International law, the Egyptian constitution and Penal Code all prohibit torture and other ill-treatment as well as arbitrary or unlawful interference with a person’s privacy, family, home or correspondence.
Under the International Covenant on Civil and Political Rights, to which Egypt is a state party, no individual may be subjected to arbitrary arrest or detention and no one may be deprived of his or her liberty except on grounds and procedures established by law. Those detained must be promptly informed of the reasons of their detention and brought before a judge. They must also be able to challenge the lawfulness of their detention and be notified of their rights including the right to remain silent.
No legal redress
Victims found that there are no legal avenues that they could take to challenge these measures, report abuses or to seek justice, placing NSA officers above the legal system. They felt unable to lodge complaints before prosecutors or to publicly denounce their experience for fear of retaliation by NSA officers given well documented complicity by prosecutors in NSA violations. Interviewees repeatedly told Amnesty International that the officers acted with full confidence and boasted that there would be no repercussions for their actions.
A female activist told Amnesty International that she was sexually harassed by a policeman. She said: “When I wanted to file a complaint against the officer that sexually harassed me, I was told: “What do you mean you want to file a complaint?
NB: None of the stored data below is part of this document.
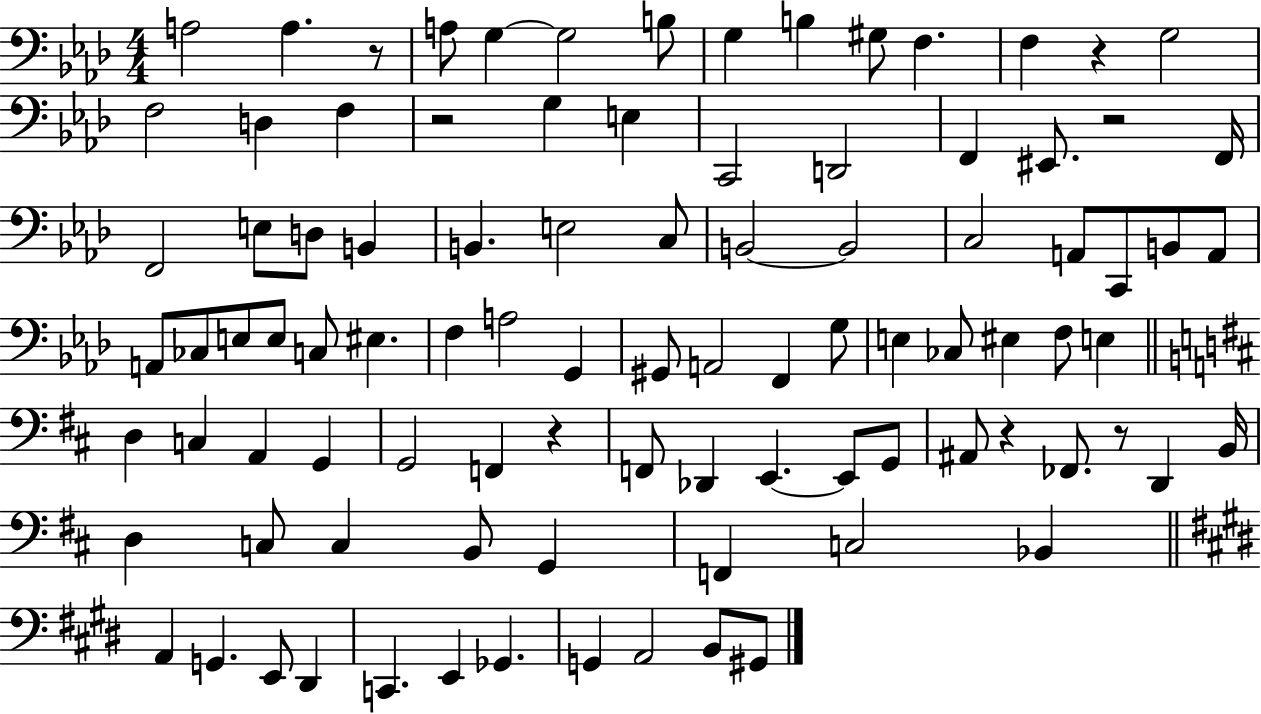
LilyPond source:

{
  \clef bass
  \numericTimeSignature
  \time 4/4
  \key aes \major
  a2 a4. r8 | a8 g4~~ g2 b8 | g4 b4 gis8 f4. | f4 r4 g2 | \break f2 d4 f4 | r2 g4 e4 | c,2 d,2 | f,4 eis,8. r2 f,16 | \break f,2 e8 d8 b,4 | b,4. e2 c8 | b,2~~ b,2 | c2 a,8 c,8 b,8 a,8 | \break a,8 ces8 e8 e8 c8 eis4. | f4 a2 g,4 | gis,8 a,2 f,4 g8 | e4 ces8 eis4 f8 e4 | \break \bar "||" \break \key d \major d4 c4 a,4 g,4 | g,2 f,4 r4 | f,8 des,4 e,4.~~ e,8 g,8 | ais,8 r4 fes,8. r8 d,4 b,16 | \break d4 c8 c4 b,8 g,4 | f,4 c2 bes,4 | \bar "||" \break \key e \major a,4 g,4. e,8 dis,4 | c,4. e,4 ges,4. | g,4 a,2 b,8 gis,8 | \bar "|."
} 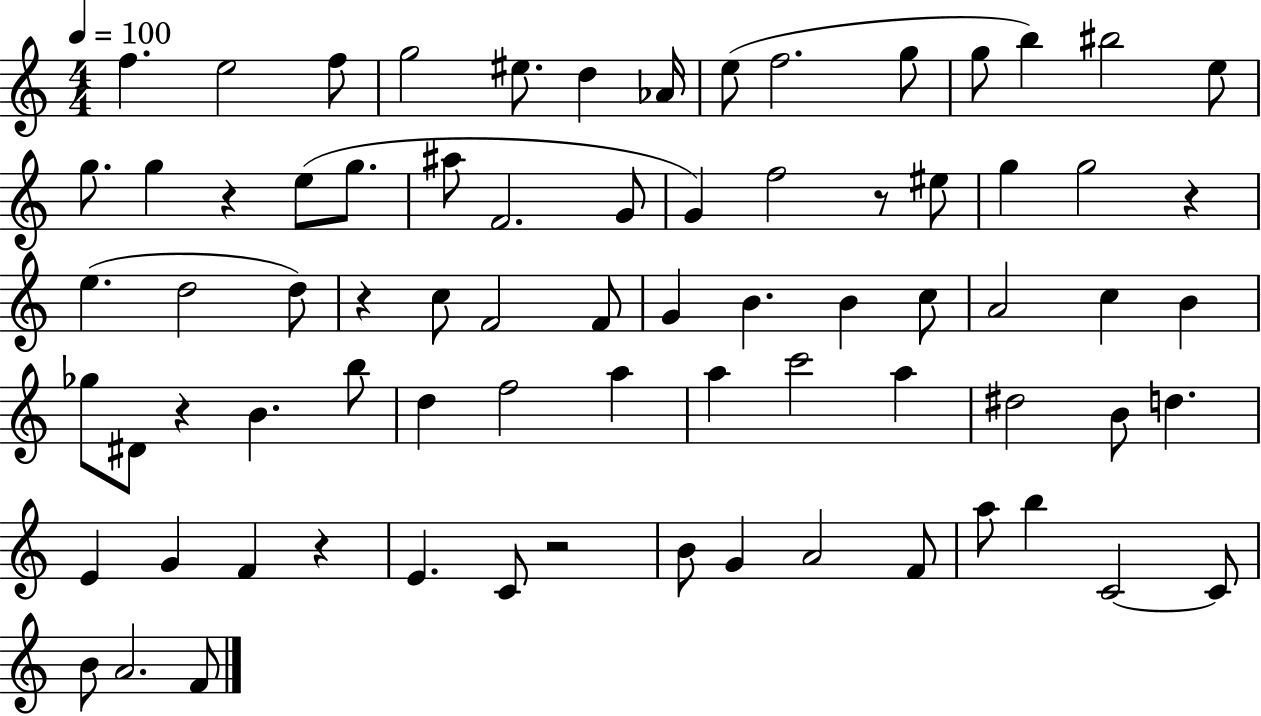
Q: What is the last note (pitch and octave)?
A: F4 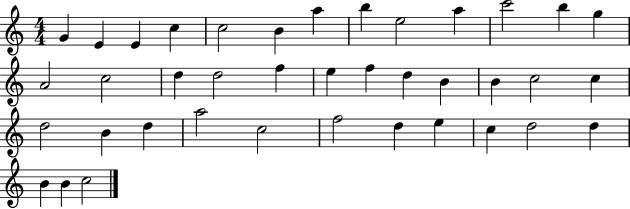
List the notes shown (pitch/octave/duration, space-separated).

G4/q E4/q E4/q C5/q C5/h B4/q A5/q B5/q E5/h A5/q C6/h B5/q G5/q A4/h C5/h D5/q D5/h F5/q E5/q F5/q D5/q B4/q B4/q C5/h C5/q D5/h B4/q D5/q A5/h C5/h F5/h D5/q E5/q C5/q D5/h D5/q B4/q B4/q C5/h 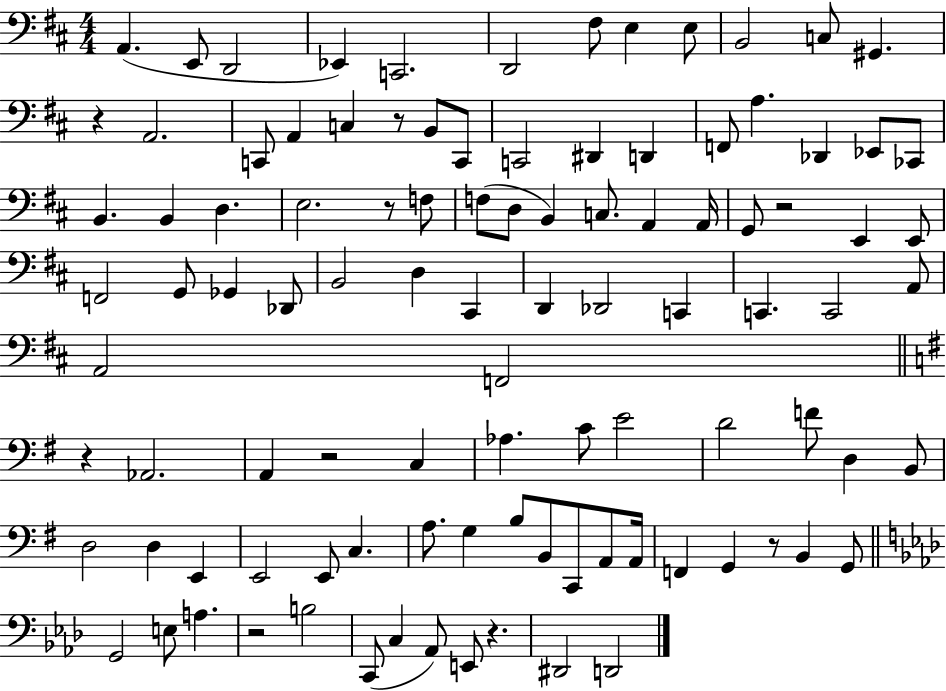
A2/q. E2/e D2/h Eb2/q C2/h. D2/h F#3/e E3/q E3/e B2/h C3/e G#2/q. R/q A2/h. C2/e A2/q C3/q R/e B2/e C2/e C2/h D#2/q D2/q F2/e A3/q. Db2/q Eb2/e CES2/e B2/q. B2/q D3/q. E3/h. R/e F3/e F3/e D3/e B2/q C3/e. A2/q A2/s G2/e R/h E2/q E2/e F2/h G2/e Gb2/q Db2/e B2/h D3/q C#2/q D2/q Db2/h C2/q C2/q. C2/h A2/e A2/h F2/h R/q Ab2/h. A2/q R/h C3/q Ab3/q. C4/e E4/h D4/h F4/e D3/q B2/e D3/h D3/q E2/q E2/h E2/e C3/q. A3/e. G3/q B3/e B2/e C2/e A2/e A2/s F2/q G2/q R/e B2/q G2/e G2/h E3/e A3/q. R/h B3/h C2/e C3/q Ab2/e E2/e R/q. D#2/h D2/h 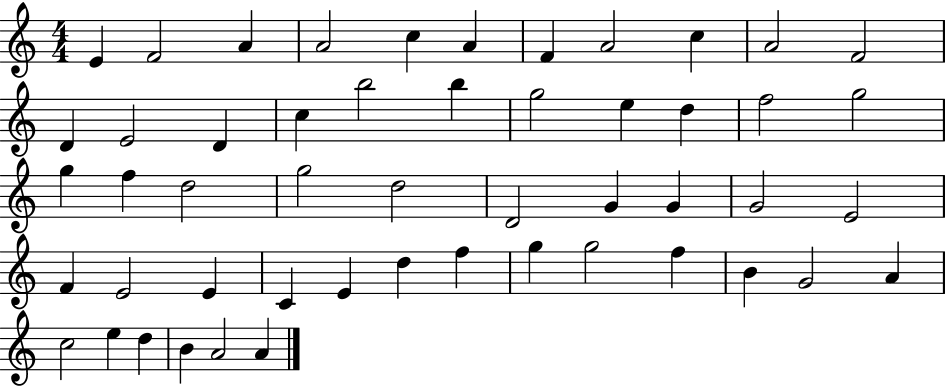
{
  \clef treble
  \numericTimeSignature
  \time 4/4
  \key c \major
  e'4 f'2 a'4 | a'2 c''4 a'4 | f'4 a'2 c''4 | a'2 f'2 | \break d'4 e'2 d'4 | c''4 b''2 b''4 | g''2 e''4 d''4 | f''2 g''2 | \break g''4 f''4 d''2 | g''2 d''2 | d'2 g'4 g'4 | g'2 e'2 | \break f'4 e'2 e'4 | c'4 e'4 d''4 f''4 | g''4 g''2 f''4 | b'4 g'2 a'4 | \break c''2 e''4 d''4 | b'4 a'2 a'4 | \bar "|."
} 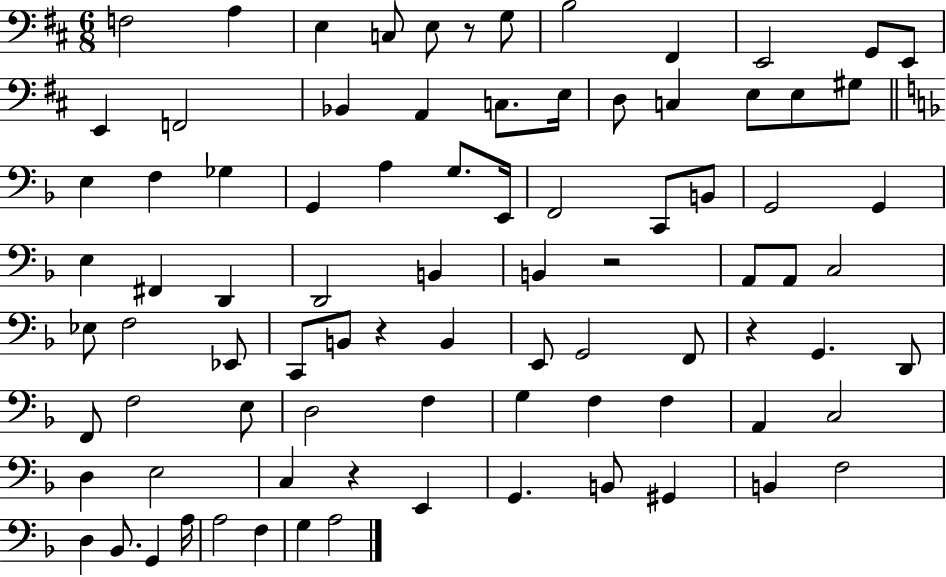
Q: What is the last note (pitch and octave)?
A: A3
Do you want to go back to prison?” There is no such thing as filing a complaint here.”
The organization had previously documented the systematic failure of prosecutors to investigate allegations of torture and enforced disappearances by the NSA and role in arbitrarily detaining activists and human rights defenders solely on the basis of secret NSA investigation files.
Findings in the report question the seriousness of commitments outlined in Egypt’s national human rights strategy, which was launched in a ceremony attended by President Abdel Fattah al-Sisi on 11 September and vowed to uphold the rights to liberty, privacy and freedom of expression, association and peaceful assembly.
“The relentless harassment of human rights defenders and other activists exposes the Egyptian authorities’ recent adoption of a national human rights strategy to much fanfare as nothing more than a sinister attempt to whitewash their dismal human rights record,” said Philip Luther.
Amnesty International calls on the public prosecutor to open thorough and independent investigations into NSA abusive practices. Those responsible must be promptly held to account regardless of rank, status or position. President Abdel Fattah al-Sisi should instruct the minister of interior to immediately put an end to the extrajudicial harassment and summoning of human rights defenders and other activists, while the minister of interior should publicly denounce this practice.